[TASK REQUIREMENTS]
Go to the line with "this 1058×793 image." in the entries below and write out every line from there through the line with "this 769×432 image.", exactly and without pictures.

[DATA EXCERPTS]
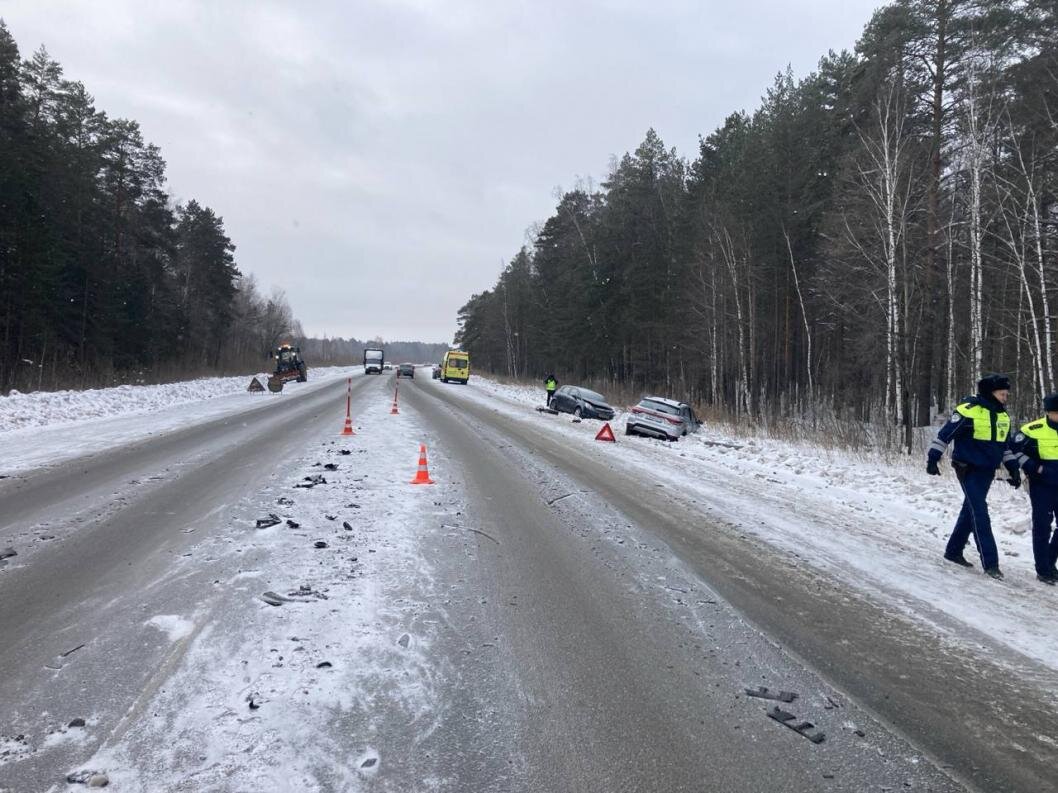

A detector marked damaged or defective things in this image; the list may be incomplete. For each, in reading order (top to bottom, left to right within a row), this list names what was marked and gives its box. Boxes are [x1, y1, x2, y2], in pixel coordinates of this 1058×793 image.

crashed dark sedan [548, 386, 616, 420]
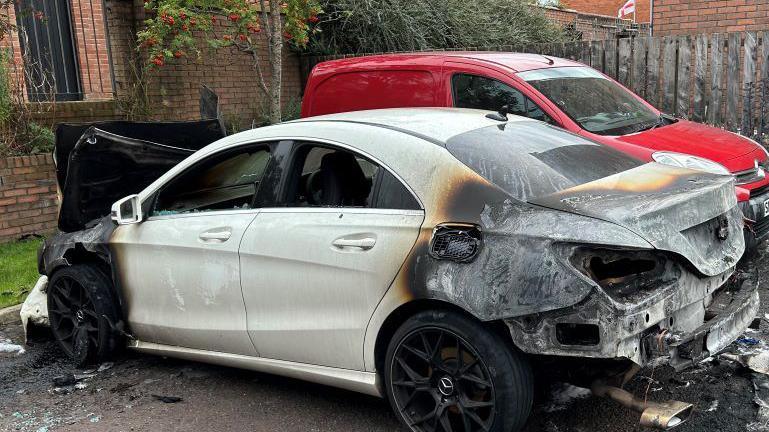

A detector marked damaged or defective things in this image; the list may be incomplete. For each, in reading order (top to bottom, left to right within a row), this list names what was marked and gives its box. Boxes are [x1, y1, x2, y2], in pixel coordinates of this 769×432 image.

...

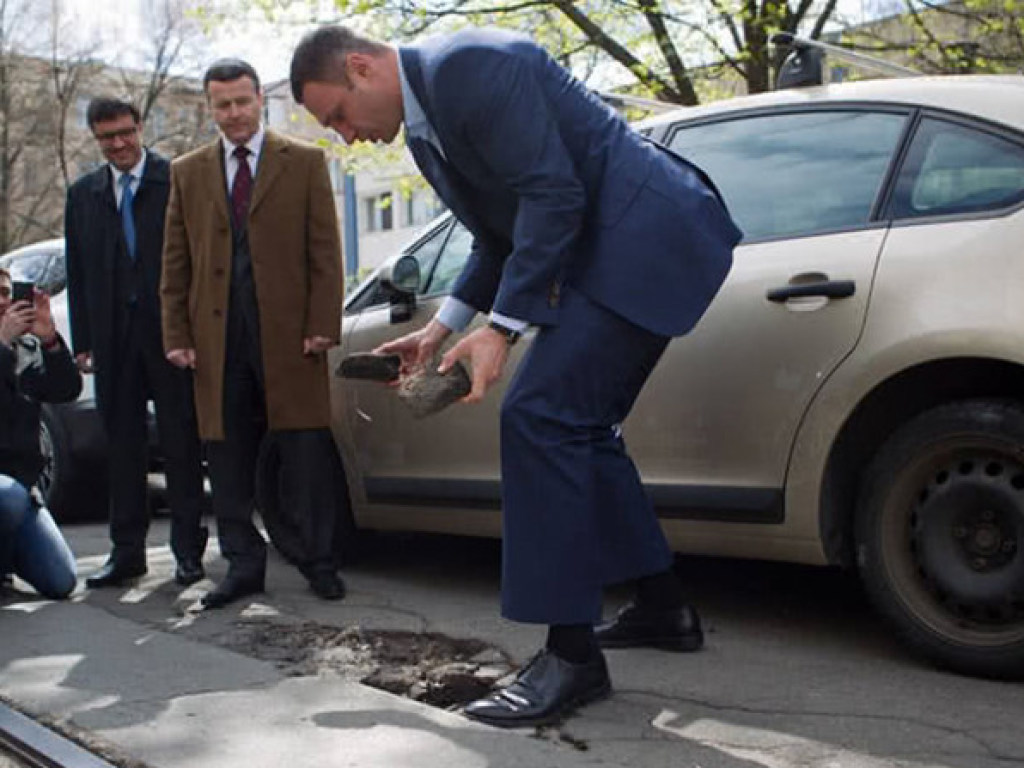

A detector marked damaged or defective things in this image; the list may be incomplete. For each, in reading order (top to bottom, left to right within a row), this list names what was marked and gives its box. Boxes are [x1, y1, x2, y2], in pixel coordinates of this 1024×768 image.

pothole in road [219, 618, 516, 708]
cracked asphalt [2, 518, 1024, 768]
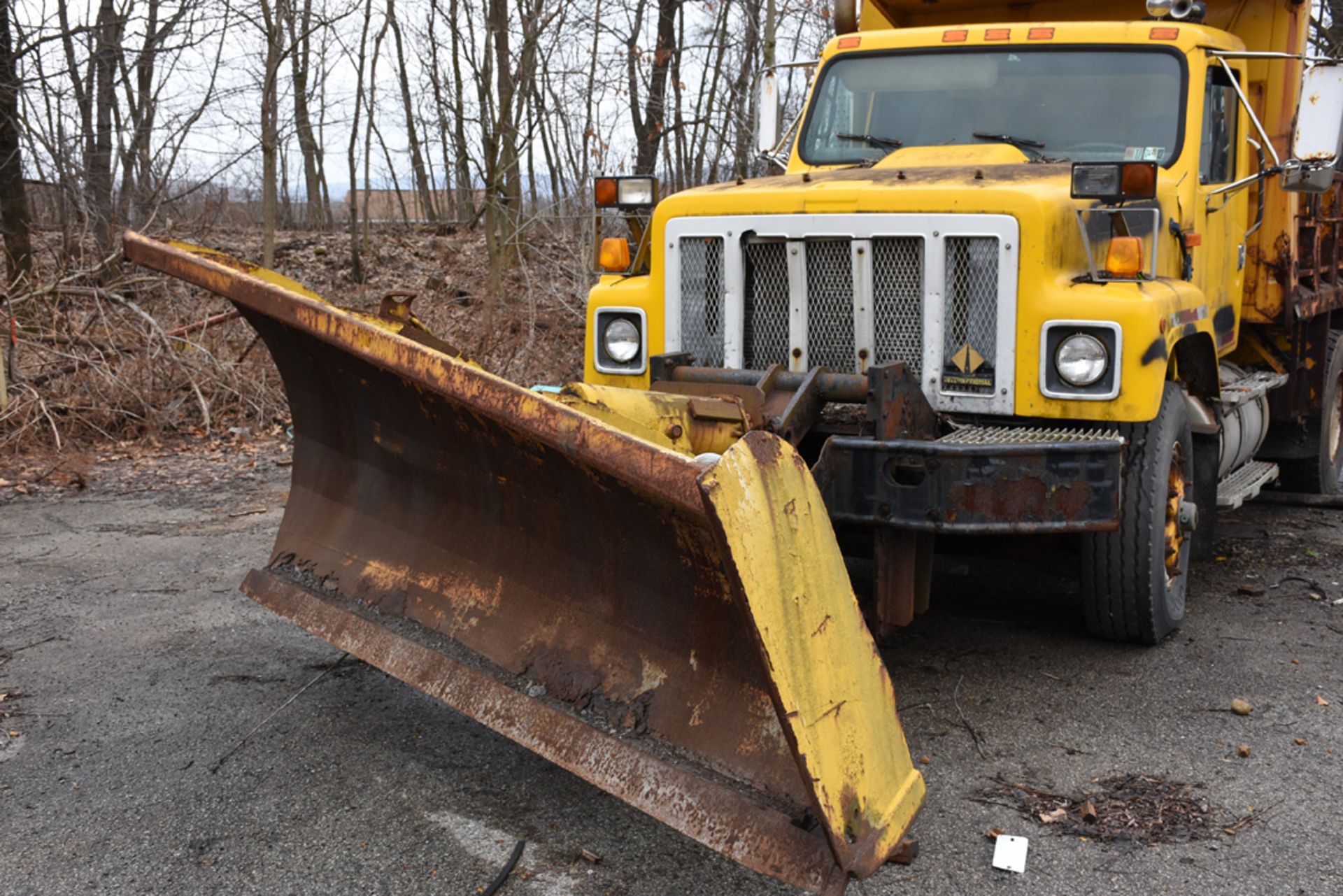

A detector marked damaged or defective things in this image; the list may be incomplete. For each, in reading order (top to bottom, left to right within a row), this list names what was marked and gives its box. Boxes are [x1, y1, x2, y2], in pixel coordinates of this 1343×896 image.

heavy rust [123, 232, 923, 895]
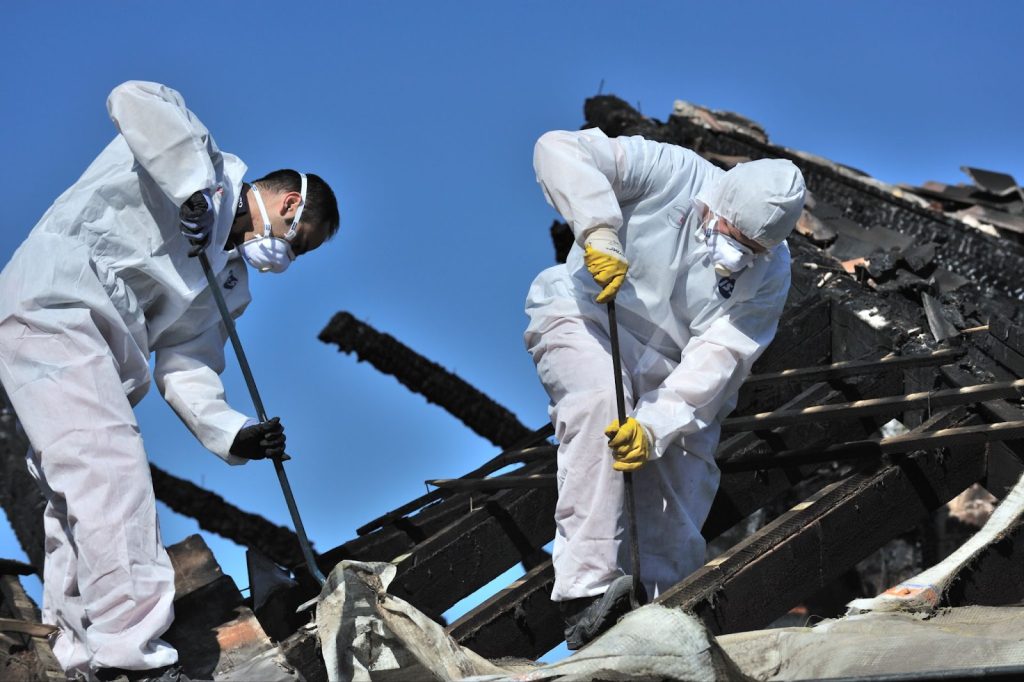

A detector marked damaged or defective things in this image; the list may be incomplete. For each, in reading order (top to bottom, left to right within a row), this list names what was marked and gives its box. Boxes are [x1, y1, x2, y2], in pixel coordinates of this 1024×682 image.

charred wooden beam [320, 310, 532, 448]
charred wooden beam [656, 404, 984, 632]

[TASK OUTPUT]
A detector marked damaged or defective things in this image; the list may be incomplete. For each, in reading order (top to bottom, left to right within a row), this list names what was marked and gives its box. Boxes are [x1, y1, x2, y2], in pixel coordinates of this 1058×793 image.

crashed dark sedan [548, 386, 616, 420]

A detector marked damaged or defective things in this image; the list may be incomplete. For each, in reading order (top to bottom, left to right within a row), this list names what was marked and gives its box. Boxes are [x1, y1, x2, y2], in pixel coordinates of this 769×432 image.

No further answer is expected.